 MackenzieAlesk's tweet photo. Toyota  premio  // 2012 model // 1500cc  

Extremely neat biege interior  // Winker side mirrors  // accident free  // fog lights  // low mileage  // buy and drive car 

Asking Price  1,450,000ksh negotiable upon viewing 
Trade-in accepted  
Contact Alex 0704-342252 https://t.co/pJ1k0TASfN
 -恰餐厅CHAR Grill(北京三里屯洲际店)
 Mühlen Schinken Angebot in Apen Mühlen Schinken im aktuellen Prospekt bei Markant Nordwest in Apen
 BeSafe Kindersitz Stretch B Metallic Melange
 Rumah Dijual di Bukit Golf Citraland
________________________________________
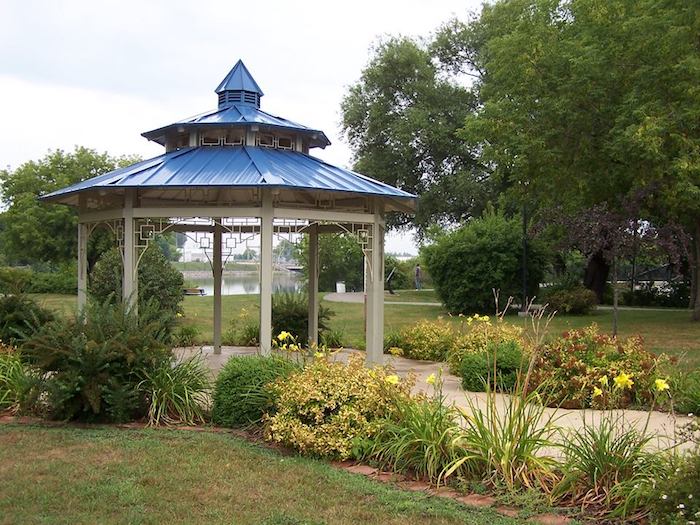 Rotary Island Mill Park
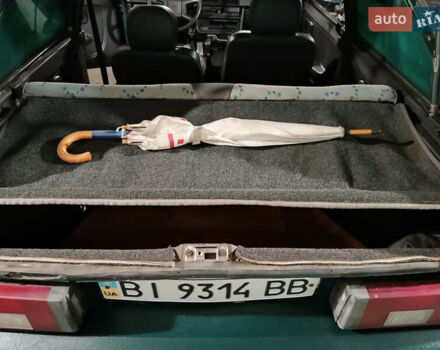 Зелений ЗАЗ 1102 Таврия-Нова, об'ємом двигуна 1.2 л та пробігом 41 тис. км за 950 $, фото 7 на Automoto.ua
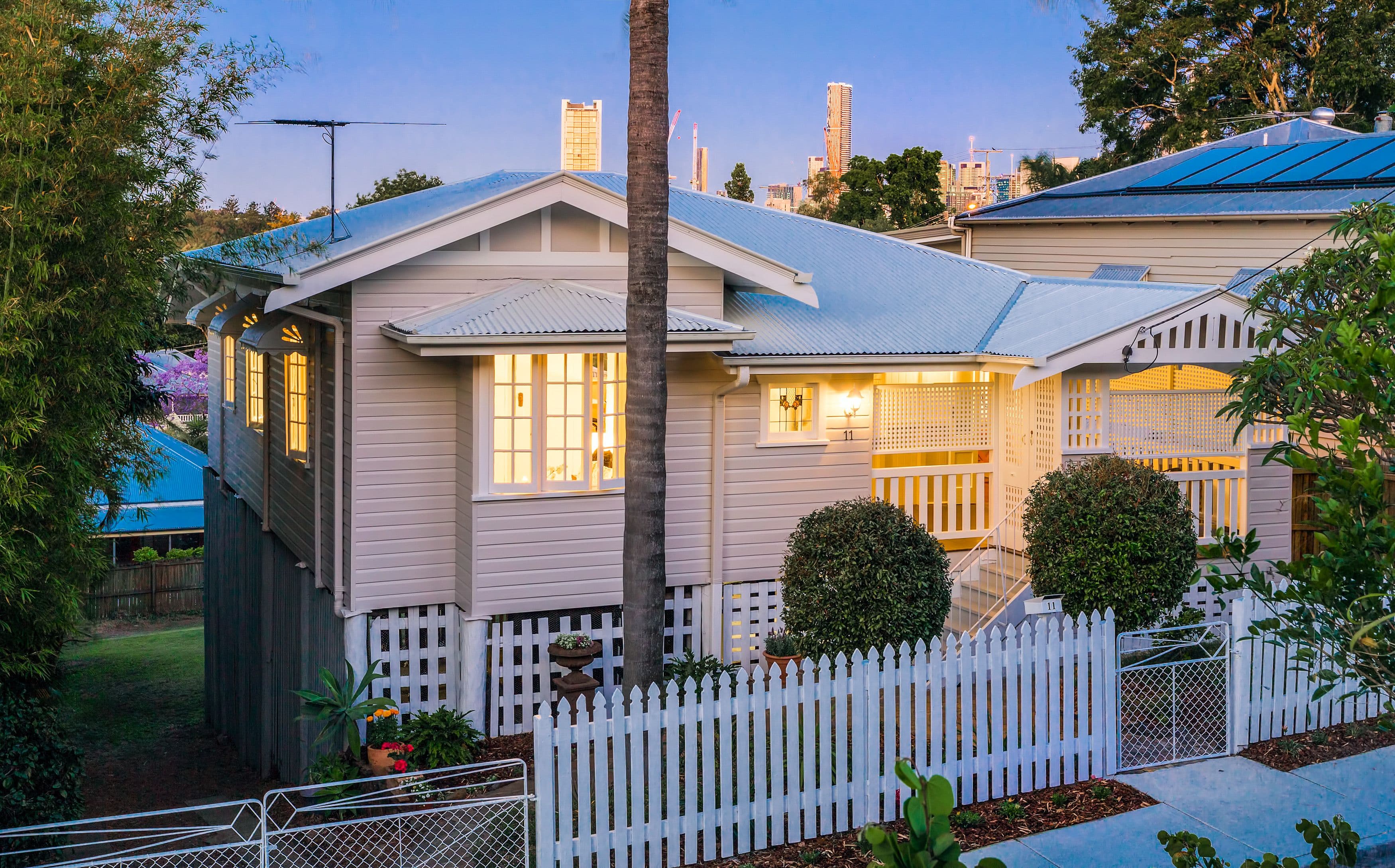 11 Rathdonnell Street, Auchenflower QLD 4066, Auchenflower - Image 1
________________________________________
--- What to produce ---
With pictures omitted, repeat the entries above word for word from the line holding "Зелений ЗАЗ 1102" down to the line holding "11 Rathdonnell Street, Auchenflower", keeping both of those lines.

--- Exercise result ---
 Зелений ЗАЗ 1102 Таврия-Нова, об'ємом двигуна 1.2 л та пробігом 41 тис. км за 950 $, фото 7 на Automoto.ua
 11 Rathdonnell Street, Auchenflower QLD 4066, Auchenflower - Image 1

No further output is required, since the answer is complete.